ACTION ITEM » In the listing below, find the line with "The Brother PTE100VP" and copy every line from there up to and including the line with "Unlock the movable", exactly and without pictures.

INFORMATION PROVIDED »

Content starts

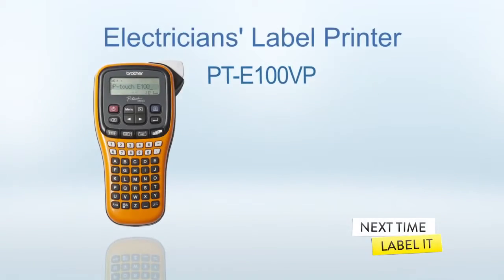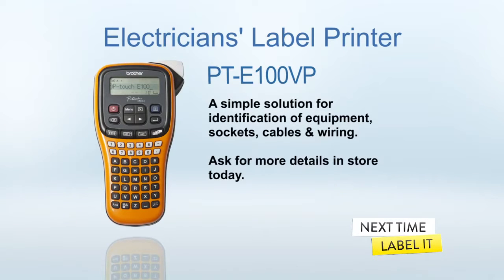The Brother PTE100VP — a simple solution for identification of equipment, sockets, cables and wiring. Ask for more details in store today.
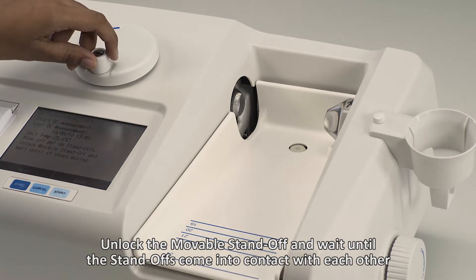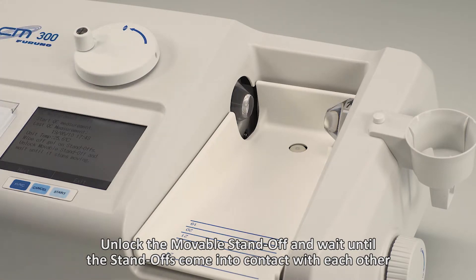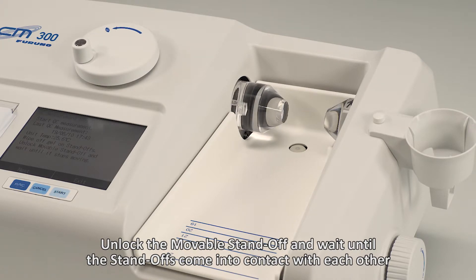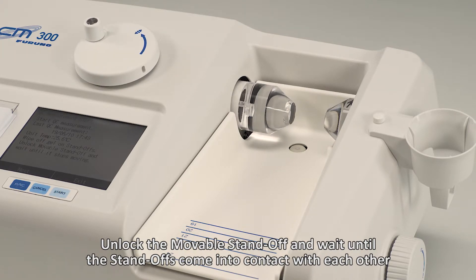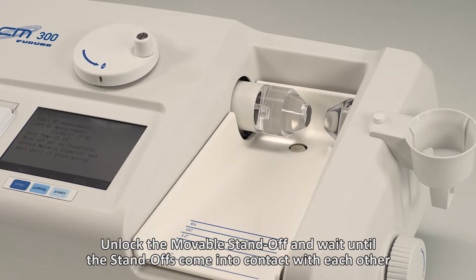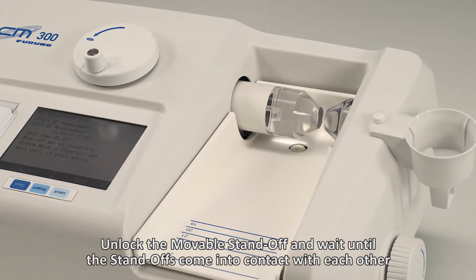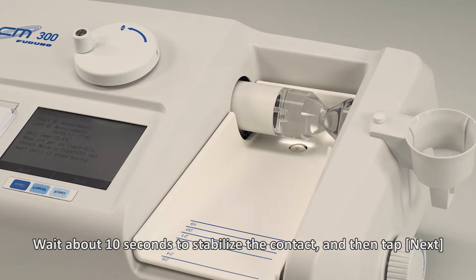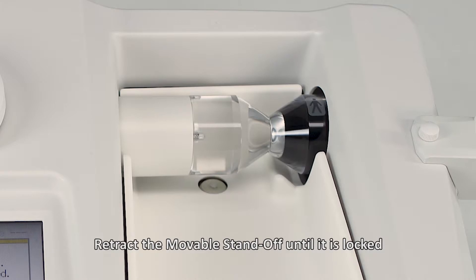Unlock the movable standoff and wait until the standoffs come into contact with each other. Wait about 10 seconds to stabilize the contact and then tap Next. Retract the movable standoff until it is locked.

Content ends
Content starts

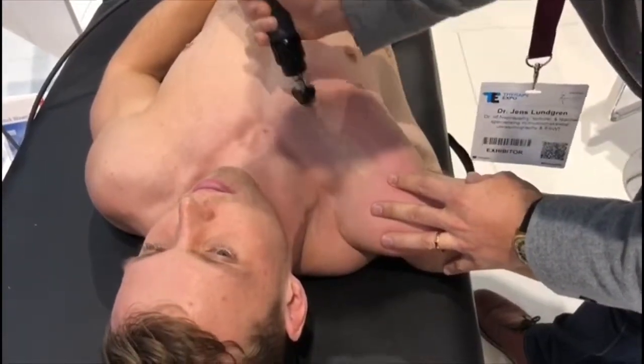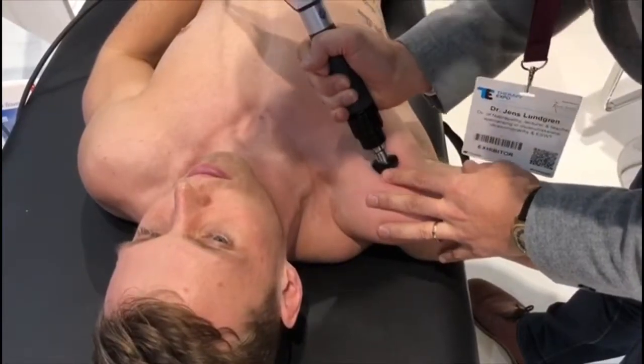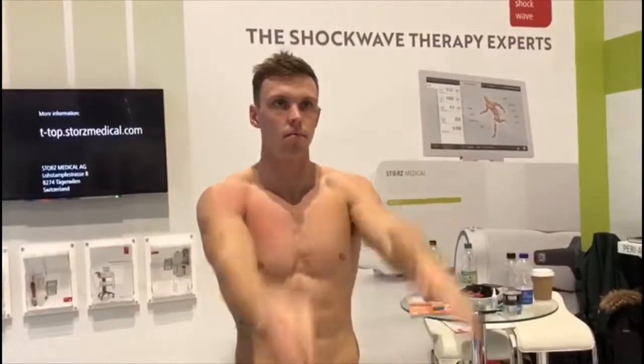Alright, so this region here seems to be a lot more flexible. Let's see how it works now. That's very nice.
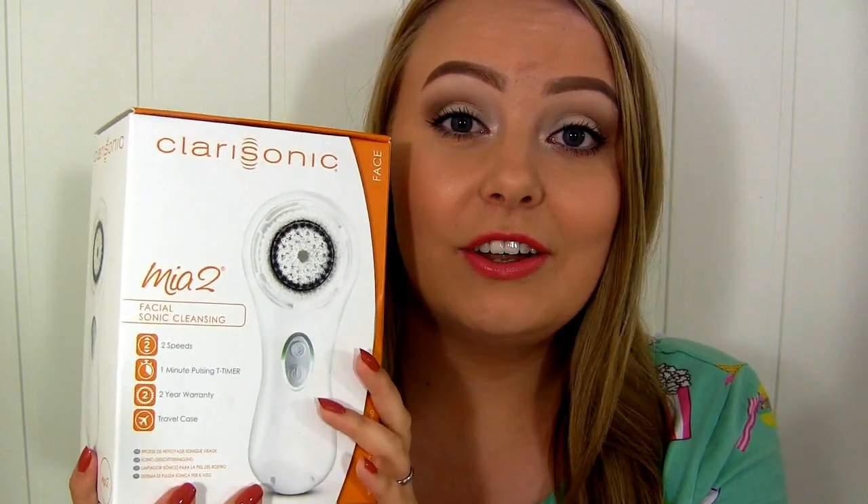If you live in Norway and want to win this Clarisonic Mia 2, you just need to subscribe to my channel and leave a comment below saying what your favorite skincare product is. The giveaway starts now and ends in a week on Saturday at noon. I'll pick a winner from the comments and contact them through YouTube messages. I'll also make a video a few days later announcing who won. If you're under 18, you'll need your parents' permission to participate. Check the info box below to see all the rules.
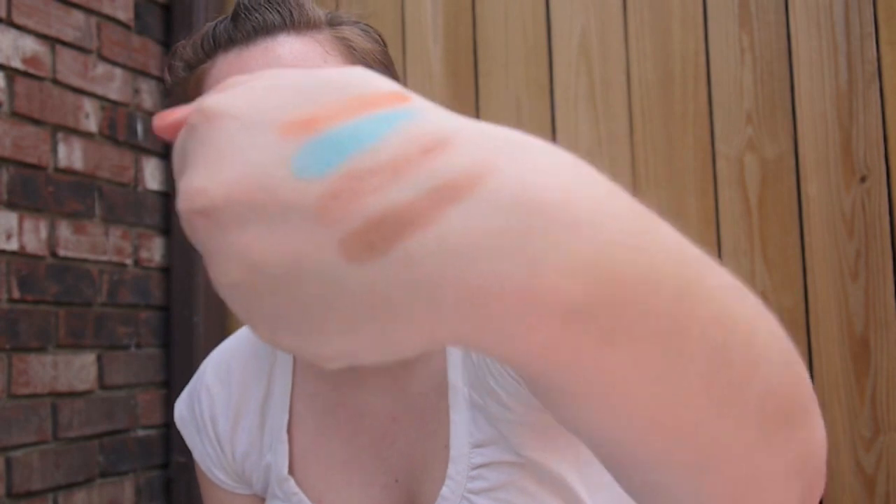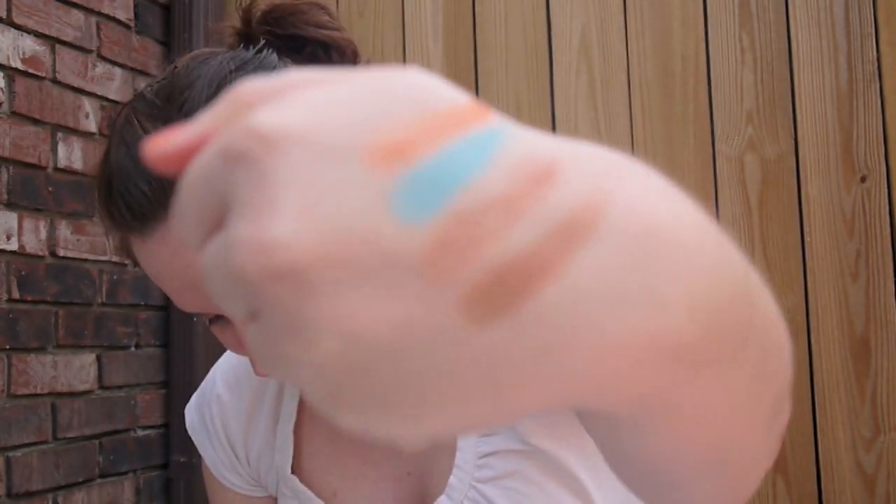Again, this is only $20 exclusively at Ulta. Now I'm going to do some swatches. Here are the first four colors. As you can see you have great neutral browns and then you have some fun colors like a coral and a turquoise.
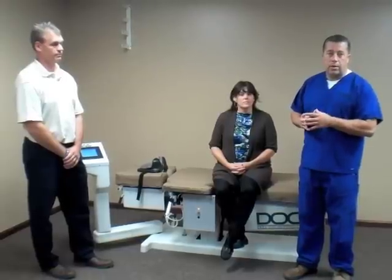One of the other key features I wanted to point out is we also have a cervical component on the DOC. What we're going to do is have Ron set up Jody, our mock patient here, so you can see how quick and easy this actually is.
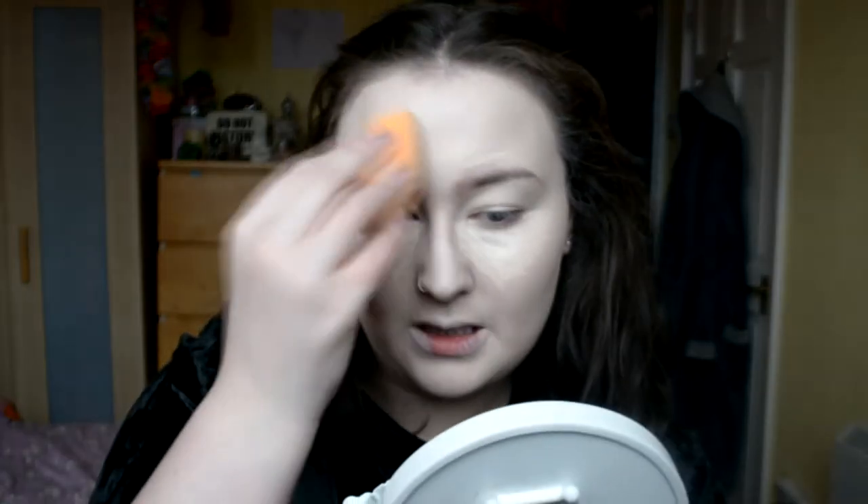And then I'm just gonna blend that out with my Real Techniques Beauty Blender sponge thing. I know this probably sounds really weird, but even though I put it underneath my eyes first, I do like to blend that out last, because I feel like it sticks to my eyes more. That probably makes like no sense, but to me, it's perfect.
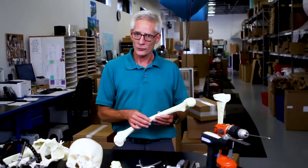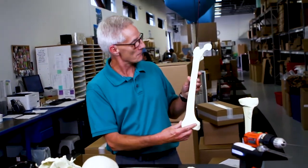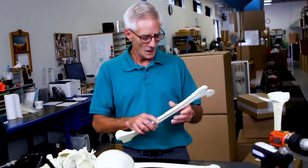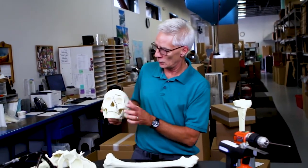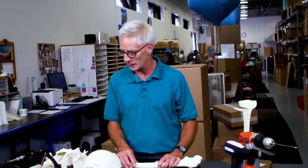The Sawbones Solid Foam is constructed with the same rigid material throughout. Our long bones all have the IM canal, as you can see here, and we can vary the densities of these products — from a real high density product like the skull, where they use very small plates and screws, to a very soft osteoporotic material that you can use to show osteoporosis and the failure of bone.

Content ends

ANSWER SECTION »
The Brother PTE100VP — a simple solution for identification of equipment, sockets, cables and wiring. Ask for more details in store today.
Unlock the movable standoff and wait until the standoffs come into contact with each other. Wait about 10 seconds to stabilize the contact and then tap Next. Retract the movable standoff until it is locked.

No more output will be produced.